Orbán su Salis infatti non parla. Questo giovedì dal ministero degli Esteri ungherese hanno pure sostenuto che «il governo non interferisce in nessun modo nelle competenze della magistratura», il che peraltro alla luce delle rivelazioni di Magyar stride.

Ma c’è una questione fondamentale: anche quando gli affondi del governo non partono in sincronia con le udienze, e anche se non è direttamente il premier a farli, ormai la palla di neve della propaganda è già valanga.

Portare agli estremi

A fine febbraio due esponenti del governo orbaniano – il ministro degli Esteri Péter Szijjártó e Zoltán Kovács, il portavoce internazionale – avevano già inasprito il clima sul caso Salis, prendendo a strattoni i media italiani – e indirettamente pure il governo Meloni – e dando duri giudizi prematuri: «Questa signora, presentata come una martire in Italia, è venuta in Ungheria con un chiaro piano per attaccare persone innocenti per le strade come parte di un'organizzazione di sinistra radicale».
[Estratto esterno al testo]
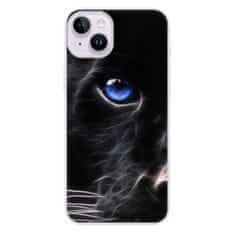 iSaprio Silikónové puzdro - Black Puma pre iPhone 14 Plus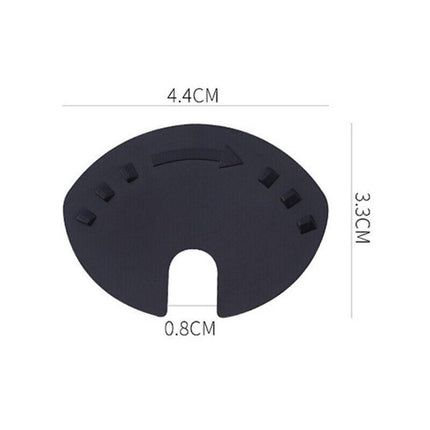6PCS Beverage Can Lid Cap Soda Soft Drink Snaps Tops Cover Lock Sealer Protector - Aimall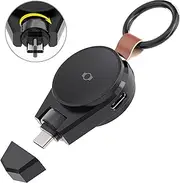 2024 Last Charger for Samsung Galaxy Watch Ultra/7/6/5, Portable USB-C Magnetic Travel Charger for Galaxy Watch Pro/5/4/4 Classic/3/Active 2/1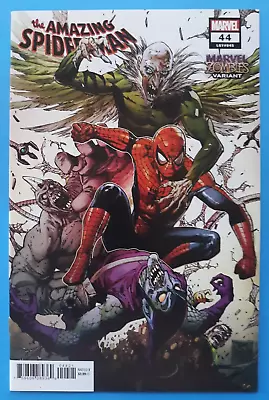 Buy AMAZING SPIDER-MAN #44 (2020 Marvel) TONY DANIEL ZOMBIES VARIANT *FREE SHIPPING* • 12.69£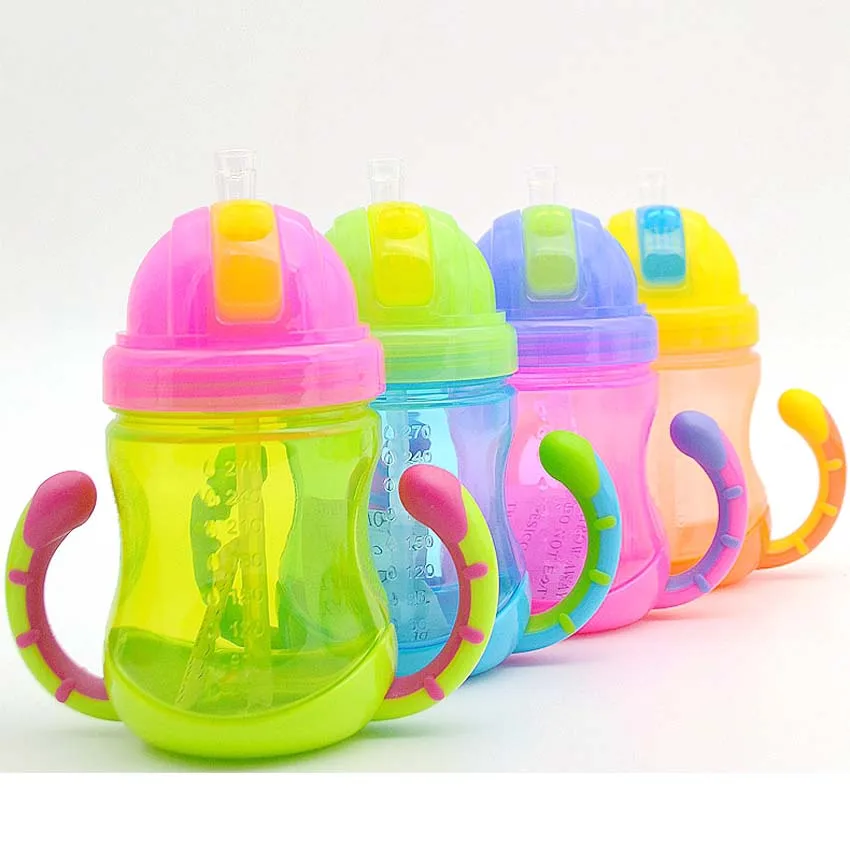 Baby Water Bottle Kid Bottles With Straw Child Drinking Bottle for Water Sport Feeding Plastic Tumbler Leak Proof
Baby Water Bottle Kid Bottles With Straw Child Drinking Bottle for Water Sport Feeding Plastic Tumbler Leak Proof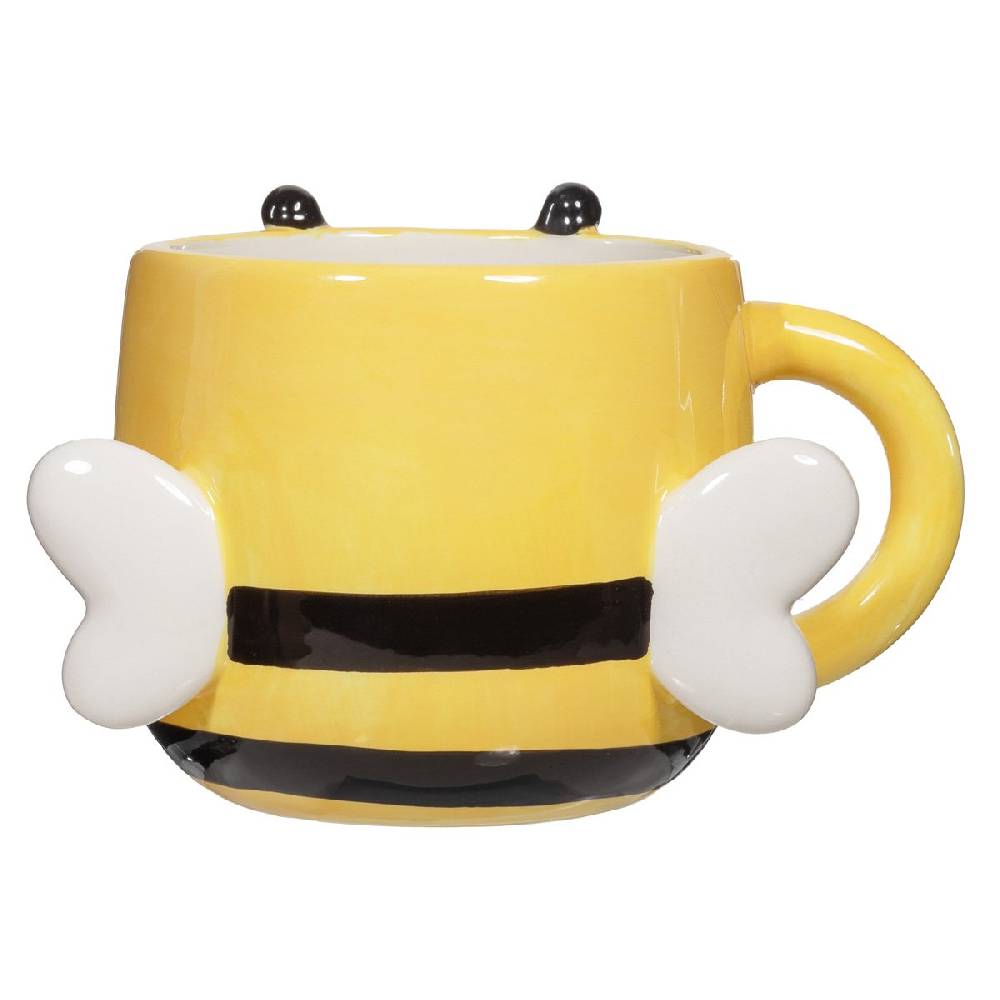 Schöner Leben Tasse Bee Biene 250ml von Sass & Belle Sonderangebot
Szijjártó è frequentatore abituale del Cremlino, dal quale ha ricevuto pure medaglie onorifiche, e Zoltán Kovács si occupa di internazionalizzare la propaganda orbaniana. I due a quanto pare sono più duri con Salis che con Putin, ma una cosa è certa: non si muoverebbero mai in contraddizione con le volontà di Orbán. Non per caso, il primo affondo di Zoltán Kovács contro Salis era partito pubblicamente, sui social, poche ore prima di un incontro tra il premier ungherese e la sua omologa italiana, nel quale i due dovevano trattare (ufficialmente) il Consiglio europeo del giorno dopo (quello del 1 febbraio) ma soprattutto Orbán lavorava al sì all’ingresso nei Conservatori europei.

Da tempo il governo ungherese monta la retorica contro «gli estremisti di sinistra», e come ha testimoniato a Domani il deputato ungherese di sinistra András Jámbor, «l’esecutivo Orbán finanzia i neonazi e aizza campagne d’odio». Questo giovedì davanti al tribunale un gruppetto di neonazi è andato a minacciare il comitato Ilaria Salis. Una volta fatta partire la macchina – di propaganda – è difficile tirare il freno. E soprattutto, bisogna volerlo.